Are you ready for 2015? If you are a sales or marketing professional, it’s time to buckle your seatbelts. The moment that we’ve been waiting for in our industry for many years is about the happen: Smarketing is going mainstream.
For any company (especially startups!) thinking about how to grow revenues in 2015, sales and marketing are undoubtedly two of the top concerns. How will we generate leads? How will we sell to those leads in order to reach our growth goals? But most importantly, how will leads generated by marketing lead to sales-ready interactions for that the sales team can leverage?
In 2015, companies will have to address these two areas as one function within the organization. That is, the function of generating new business. While blending sales and marketing has begun to happen over the past few years, thanks to inbound marketing and a shift in the customer buying process, many companies are not leveraging smarketing (sales+marketing=true love) to the degree that they should.
The companies that will win in the New Year will fully embrace smarketing, managing sales and marketing as one cohesive unit.
To understand what the most effective smarketing tactics will be in 2015, we must first take a look at what has caused this shift away from the traditionally-siloed structure.
The blending of sales and marketing has come about because of the shift in informational power from sales reps and advertisements to the customer. Inbound marketing provides customers with the information that they are seeking before they desire to speak with a sales rep.
This is why the Harvard Business Review announced in 2012 that solution selling was over. Their study of B2B buyers found that, on average, customers completed 60% of the buying process before they even initiated a conversation with a potential vendor. Since the customer prefers self-directed research to sales conversations early in the buying journey, content marketing materials like informational eBooks, guides and white papers have become important selling tools. Marketing automation and social media help to nurture this relationship with the buyer in order to increase sales-readiness.
Why Old School Tactics are *Officially* Out
It used to be that company sales reps had access to the information that their customers needed to make buying decisions. Customers knew they had a problem, but weren’t sure how to solve it. Thanks to the rise of the Internet, however, customers can instantly price shop, find product specs, read reviews, or communicate with others who have purchased the product or service in order to see what they think. Almost any question about the way a product works can be answered online.
This widespread availability of information means that it is almost impossible for sales reps to use the same tactics that worked in the past to win business from customers. In his book, Sales Shift: How Inbound Marketing Has Turned Sales Upside Down Making it More Difficult and More Lucrative at the Same Time, Frank Belzer discusses this in detail. Belzer explains that while companies are generating record numbers of inbound leads due to a successful inbound marketing program, sales and revenue are not experiencing the same increase. The reason for this is a misalignment in tactics between sales and marketing. Old-school tactics like pitch presentations and product-centric selling conflict with the existing relationships created and nurtured by marketing. When sales and marketing are not in alignment, the relationship with buyers in at risk due to inconsistency in communication. Inconsistency jeopardizes trust. Trust is critical to sales.

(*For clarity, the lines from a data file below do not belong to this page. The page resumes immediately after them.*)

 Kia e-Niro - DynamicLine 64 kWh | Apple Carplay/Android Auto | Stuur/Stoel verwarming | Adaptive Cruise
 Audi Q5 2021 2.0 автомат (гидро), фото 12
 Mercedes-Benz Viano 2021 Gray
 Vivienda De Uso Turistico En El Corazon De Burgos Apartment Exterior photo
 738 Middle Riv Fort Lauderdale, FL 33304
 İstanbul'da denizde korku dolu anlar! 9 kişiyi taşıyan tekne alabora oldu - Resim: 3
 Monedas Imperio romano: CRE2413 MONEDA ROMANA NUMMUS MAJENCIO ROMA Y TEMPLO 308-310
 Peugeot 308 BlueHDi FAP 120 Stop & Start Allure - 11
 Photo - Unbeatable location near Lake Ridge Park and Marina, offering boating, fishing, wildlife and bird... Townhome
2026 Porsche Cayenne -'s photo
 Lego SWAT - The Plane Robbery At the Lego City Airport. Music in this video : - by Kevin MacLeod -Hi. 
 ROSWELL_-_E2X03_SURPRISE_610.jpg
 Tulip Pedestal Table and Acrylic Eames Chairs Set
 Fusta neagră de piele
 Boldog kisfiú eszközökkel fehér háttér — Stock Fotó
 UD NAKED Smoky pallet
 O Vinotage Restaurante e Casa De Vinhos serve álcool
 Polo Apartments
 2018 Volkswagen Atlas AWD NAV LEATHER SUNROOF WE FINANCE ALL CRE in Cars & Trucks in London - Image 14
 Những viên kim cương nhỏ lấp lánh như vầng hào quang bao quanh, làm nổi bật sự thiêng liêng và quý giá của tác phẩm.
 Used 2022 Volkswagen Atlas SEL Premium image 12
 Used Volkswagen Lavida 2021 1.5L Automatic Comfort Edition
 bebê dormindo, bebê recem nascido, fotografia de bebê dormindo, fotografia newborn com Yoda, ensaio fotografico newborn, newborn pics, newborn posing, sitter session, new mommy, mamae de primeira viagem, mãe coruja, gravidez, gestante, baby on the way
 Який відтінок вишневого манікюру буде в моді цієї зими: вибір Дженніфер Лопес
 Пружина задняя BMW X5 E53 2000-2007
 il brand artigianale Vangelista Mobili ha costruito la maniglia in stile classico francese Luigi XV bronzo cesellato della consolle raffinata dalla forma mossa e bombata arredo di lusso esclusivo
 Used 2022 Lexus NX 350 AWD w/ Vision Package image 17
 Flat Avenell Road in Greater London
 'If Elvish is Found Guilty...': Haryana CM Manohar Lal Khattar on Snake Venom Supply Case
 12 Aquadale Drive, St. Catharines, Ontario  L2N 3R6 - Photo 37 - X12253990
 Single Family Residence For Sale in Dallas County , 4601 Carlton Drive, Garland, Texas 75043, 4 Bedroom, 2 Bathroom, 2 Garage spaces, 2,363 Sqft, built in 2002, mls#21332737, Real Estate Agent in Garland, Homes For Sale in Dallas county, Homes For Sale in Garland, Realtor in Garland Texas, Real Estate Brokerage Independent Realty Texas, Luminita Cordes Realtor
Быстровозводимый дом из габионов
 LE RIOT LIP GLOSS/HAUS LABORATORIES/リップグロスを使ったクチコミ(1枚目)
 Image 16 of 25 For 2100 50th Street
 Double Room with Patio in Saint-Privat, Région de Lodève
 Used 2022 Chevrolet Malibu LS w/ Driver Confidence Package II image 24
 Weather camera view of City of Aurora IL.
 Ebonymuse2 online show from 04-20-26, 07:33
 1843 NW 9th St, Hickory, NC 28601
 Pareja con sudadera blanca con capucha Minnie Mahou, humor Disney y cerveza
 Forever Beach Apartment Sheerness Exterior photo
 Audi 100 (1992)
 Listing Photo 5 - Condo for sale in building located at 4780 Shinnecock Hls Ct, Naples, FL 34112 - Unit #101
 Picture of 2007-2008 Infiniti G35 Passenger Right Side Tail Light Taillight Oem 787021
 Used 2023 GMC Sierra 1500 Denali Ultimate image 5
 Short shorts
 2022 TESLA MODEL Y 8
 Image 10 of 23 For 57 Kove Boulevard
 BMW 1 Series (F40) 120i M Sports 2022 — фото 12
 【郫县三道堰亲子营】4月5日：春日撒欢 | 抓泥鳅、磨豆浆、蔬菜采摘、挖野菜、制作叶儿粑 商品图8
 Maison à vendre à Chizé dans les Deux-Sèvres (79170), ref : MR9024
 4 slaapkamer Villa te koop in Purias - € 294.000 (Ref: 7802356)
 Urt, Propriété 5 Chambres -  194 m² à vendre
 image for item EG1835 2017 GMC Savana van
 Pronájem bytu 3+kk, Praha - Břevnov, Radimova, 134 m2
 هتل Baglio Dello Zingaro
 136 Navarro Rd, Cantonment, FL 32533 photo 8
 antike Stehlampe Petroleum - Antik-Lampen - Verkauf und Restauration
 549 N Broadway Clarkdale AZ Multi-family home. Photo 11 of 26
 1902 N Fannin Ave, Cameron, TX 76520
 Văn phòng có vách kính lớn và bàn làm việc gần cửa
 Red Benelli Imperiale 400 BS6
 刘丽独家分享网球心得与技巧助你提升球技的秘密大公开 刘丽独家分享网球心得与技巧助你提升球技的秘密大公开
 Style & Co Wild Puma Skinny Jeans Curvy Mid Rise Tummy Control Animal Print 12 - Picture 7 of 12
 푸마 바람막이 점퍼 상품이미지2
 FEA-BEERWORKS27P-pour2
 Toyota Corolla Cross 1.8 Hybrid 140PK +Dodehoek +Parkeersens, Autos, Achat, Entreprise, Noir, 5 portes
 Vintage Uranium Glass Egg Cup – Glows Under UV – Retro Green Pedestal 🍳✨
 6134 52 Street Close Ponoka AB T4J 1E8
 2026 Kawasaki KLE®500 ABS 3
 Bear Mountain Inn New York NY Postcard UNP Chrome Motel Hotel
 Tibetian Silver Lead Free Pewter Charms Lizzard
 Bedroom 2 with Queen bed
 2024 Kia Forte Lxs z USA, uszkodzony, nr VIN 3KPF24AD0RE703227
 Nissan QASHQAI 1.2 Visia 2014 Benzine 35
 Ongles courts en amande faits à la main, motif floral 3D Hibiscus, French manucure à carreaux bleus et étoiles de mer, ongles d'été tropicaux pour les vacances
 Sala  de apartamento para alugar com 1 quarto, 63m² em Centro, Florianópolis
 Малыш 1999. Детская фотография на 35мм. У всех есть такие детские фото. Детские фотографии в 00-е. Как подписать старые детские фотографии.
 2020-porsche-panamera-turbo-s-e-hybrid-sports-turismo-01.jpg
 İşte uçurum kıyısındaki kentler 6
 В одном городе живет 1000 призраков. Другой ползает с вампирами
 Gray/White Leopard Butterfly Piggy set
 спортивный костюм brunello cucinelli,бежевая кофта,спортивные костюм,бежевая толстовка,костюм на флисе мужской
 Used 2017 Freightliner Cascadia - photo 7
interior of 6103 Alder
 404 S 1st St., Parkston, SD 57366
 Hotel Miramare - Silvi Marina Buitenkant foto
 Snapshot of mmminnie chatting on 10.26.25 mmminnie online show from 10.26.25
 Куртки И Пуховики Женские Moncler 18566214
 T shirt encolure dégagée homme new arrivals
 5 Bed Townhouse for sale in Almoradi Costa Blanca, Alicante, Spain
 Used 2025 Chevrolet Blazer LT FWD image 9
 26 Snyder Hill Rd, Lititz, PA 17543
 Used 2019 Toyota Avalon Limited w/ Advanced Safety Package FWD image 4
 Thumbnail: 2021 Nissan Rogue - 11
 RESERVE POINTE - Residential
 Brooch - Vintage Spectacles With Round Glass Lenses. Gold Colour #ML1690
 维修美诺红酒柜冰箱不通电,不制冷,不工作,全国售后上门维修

How Smarketers Will Succeed in 2015
In order for organizations to successfully generate revenue in this new era, sales and marketing must operate in alignment, as one.
#1: Create a focus on the buyer.
Smarketing professionals need to have a strong understanding of their buyers so that they can legitimately help them. Forrester refers to this understanding as buyer empathy. In his keynote speech at HubSpot’s Inbound 2014, HubSpot co-founder and CEO Brian Halligan describes this change in the field of sales when he talks about the type of sales reps he now looks to hire as being “transparent [reps that] lean into the new realities of the buyer,” by providing them with a valuable solution, instead of simply relying on relationships as “back-slapping” sales reps of the past did. When both sales and marketing are relentlessly focused on helping the buyer solve its problem, an environment that lends itself towards alignment is created.
#2: Align efforts through process.
In other words, talk to each other. Work together. Sales and marketing are dependent on each other for revenue success, therefore they shouldn’t be working as it they aren’t. However, in many organizations sales and marketing fail to recognize and leverage the value of the other by working autonomously.
#3: Support success with technology.
Smarketing alignment is more than integrating your tools. However, integrating your CRM with your marketing automation creates a technological infrastructure that reflects your smarketing strategy.
Blending sales and marketing in the upcoming new year will require an understanding that sales and marketing now function as one singular entity focused on bringing in new revenue. It’s official, sales and marketing have become one.